Problem requirements
Using the data that follows, output only the lines from the line with "10463 W H Avenue" up to and including the line with "başladı Gölcük’te 2026-2027 eğitim öğretim yılı törenle başladı", exactly, leaving pictures aside.

Data records
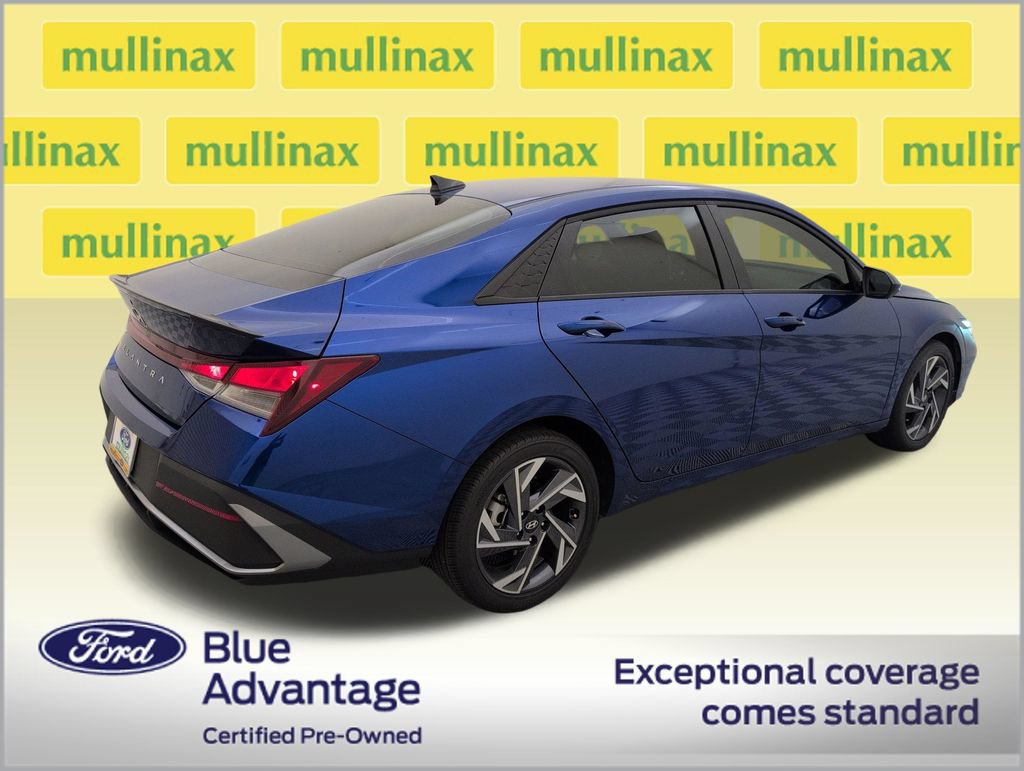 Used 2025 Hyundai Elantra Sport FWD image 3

---

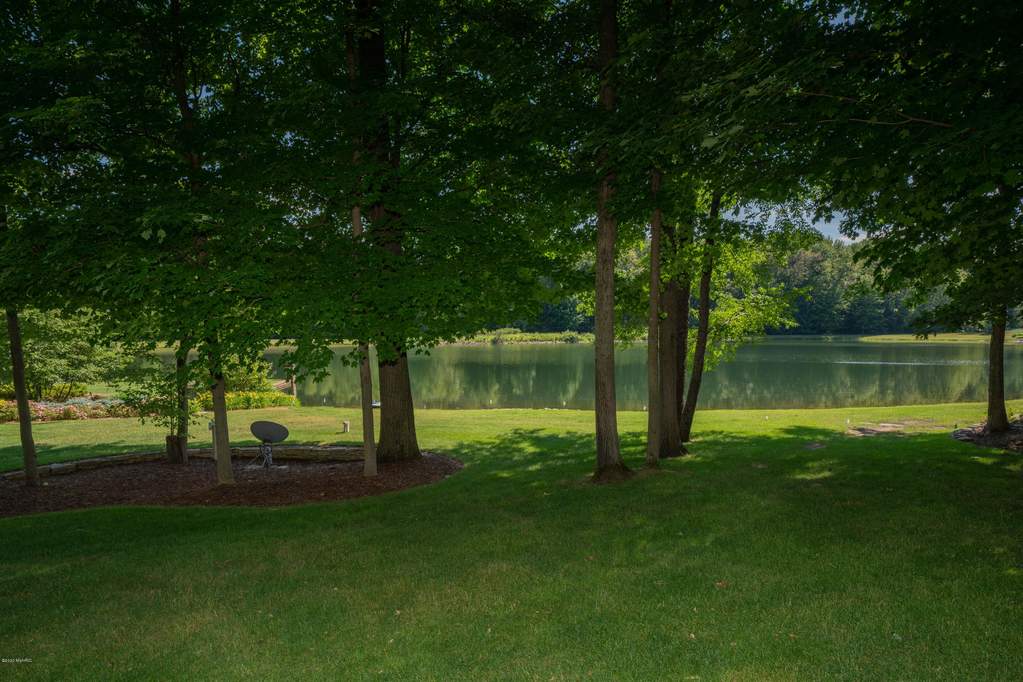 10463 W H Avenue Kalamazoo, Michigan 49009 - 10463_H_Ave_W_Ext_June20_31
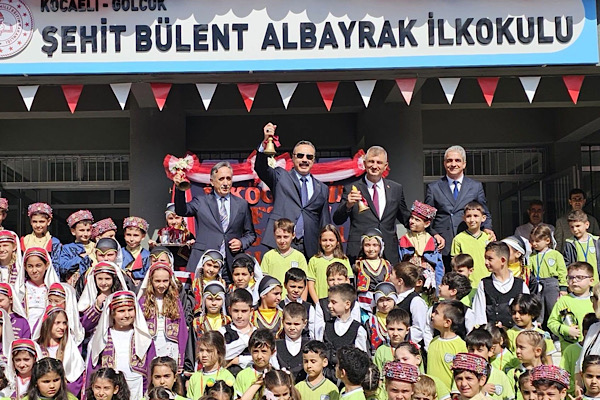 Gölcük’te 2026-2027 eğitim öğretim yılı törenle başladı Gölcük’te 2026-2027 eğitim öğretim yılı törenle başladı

* * *

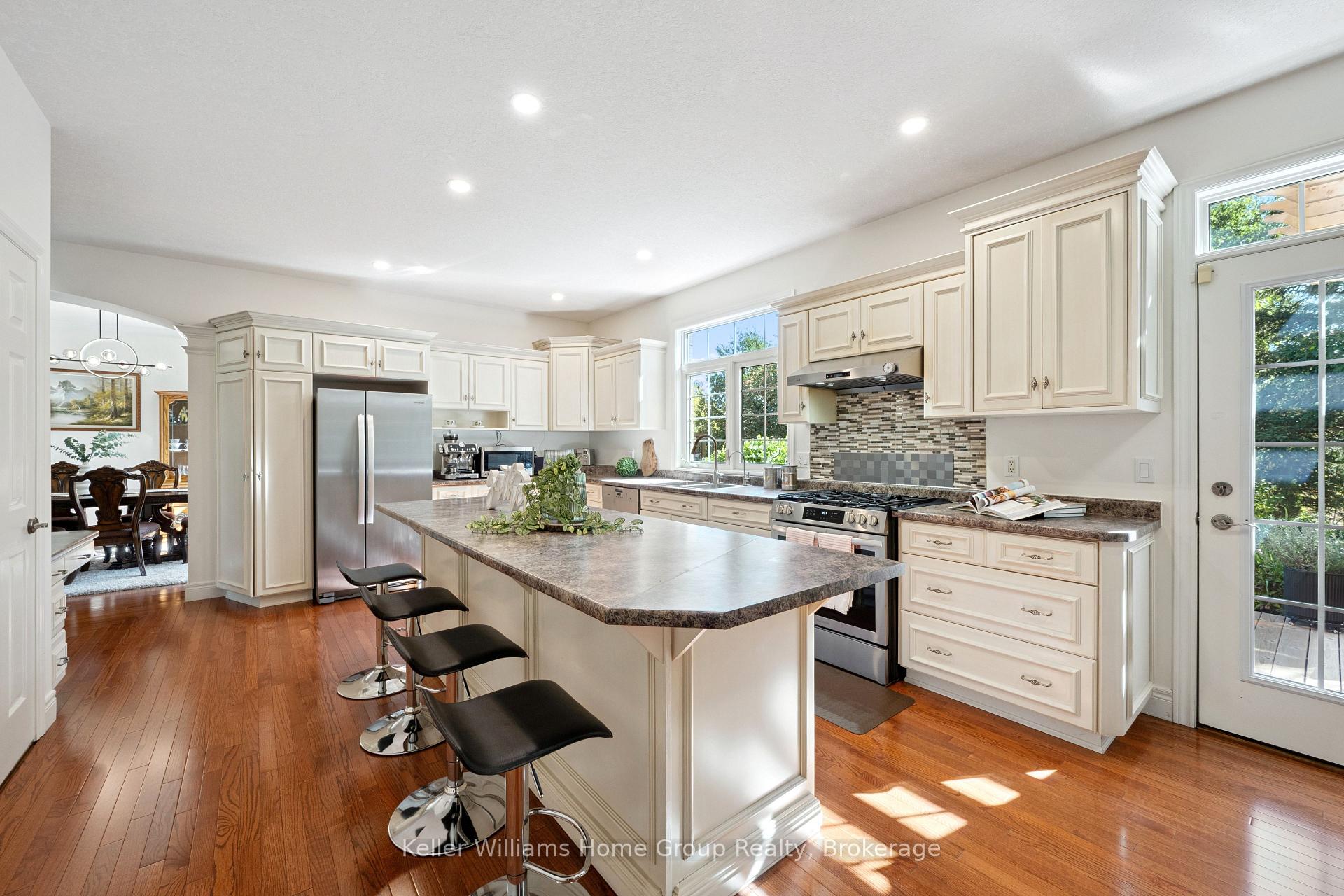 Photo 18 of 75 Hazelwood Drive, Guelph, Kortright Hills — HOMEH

Task solution
 10463 W H Avenue Kalamazoo, Michigan 49009 - 10463_H_Ave_W_Ext_June20_31
 Gölcük’te 2026-2027 eğitim öğretim yılı törenle başladı Gölcük’te 2026-2027 eğitim öğretim yılı törenle başladı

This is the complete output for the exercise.